I listen to the stairs as I climb slowly, my feet sinking with each step & I feel weak by the time I reach your face. Cupped in my hands I can feel the coarse hairs of your beard finally grown in completely- instead of commenting on your victory, I'm lost trying to convince you that I'm really here with a kiss.

Sunday, December 27, 2009

A Decade of Bangles

Thinking about writing is simple. Picturing yourself sitting down in front of a computer screen, hovering over a blank sheet of loose leaf, pen in hand- that's the easy part. Fingers against keys and pen to paper- that's a totally different experience.

Being lost in your words is what I think being in a coma would be like. You know that life is going on around you, you are aware of whats happening but lost inside yourself. Do all writers have this out of body feeling? Upon revisiting their words, do they question where such intense imagery comes from? If those particular details grew from their own memories, dreams, where?

A piece of writing is never truly complete, years later you will want to change a comma to a period or a noun to a pro noun. The writer's journey to perfection is never finished, but upon reaching that final sentence for the first time, feeling your thoughts come full circle- a wave of adrenaline rushes against you. A feeling that can last and last, but afterward feels so distant. You're not sure how you got there, but once the hangover sets in, you feel empty, tired, released.

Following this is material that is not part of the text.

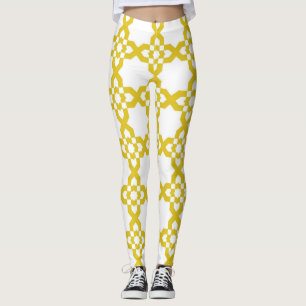 Moroccan Fretwork Leggings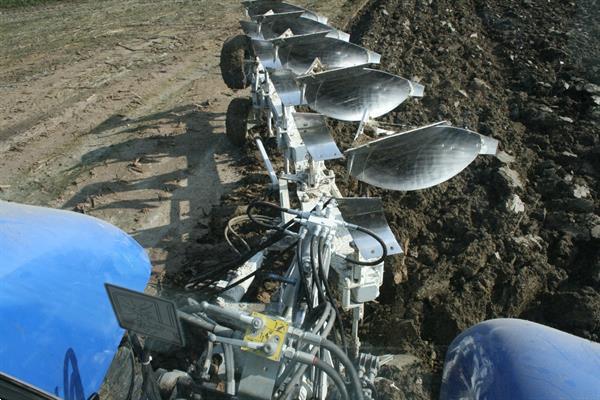 Grote foto kramer ermo molploeg drainer woeler agrarisch akkerbouw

The rush of looking at a page that was once empty but not full is unexplainable. Ask a drug addict how to explain the euphoria of their first high, a marathon runner crossing the finish line- its all a fog until it's over.

Saturday, October 24, 2009

Maybe all is Not Lost

Forcing writing is impossible. To think about the vision before you see it creates a falsity that you can not deny. It can be compared to nothing else, because the relationship a writer has with words is not love nor lust nor envy. It can not be faked.

I once knew language. I understood how to manipulate words so a painting would emerge as each sentence melted into the next. I could fill pages with just once glance, in one instance I would be sent into a frenzy.

For too long time, I have not seen anything. I have not felt language in my life. I have been lost. Until I actually was lost. That's what I saw it. Alone behind the wheel, during the 354 mile trip - wrong turns and a broken GPS - my vision came back to me.

We sat next to each other awkwardly; small talk was neither of our strong points. The weather was nice and we both commented on the usual cold that’s expected this time of year. Really, we both starred off, the small was no small talk. I wasn’t listening and I'm confident if I was able to ask today, you wouldn’t remember a single sentence.

I think about all the times we spent together that I took for granted, rare were the moments where you exposed your vulnerability. The patience you proved to have, your persistence was genuine, as was your disappointment the many times I let you down.

You always smelled of familiarity, of an entire days worth of cigarettes. Our eye contact is short lived. I notice the walls, they're bare for the most part; the ceiling looks unstable and there are cracks from the corner to corner. I wonder aloud if anyone else has noticed the cracks. My inquiry is not acknowledged and we continue.

Somewhere around mile 150, I remember a moment, us standing in a sea of pink & white and black both smirking towards one another. And I can see it so clearly.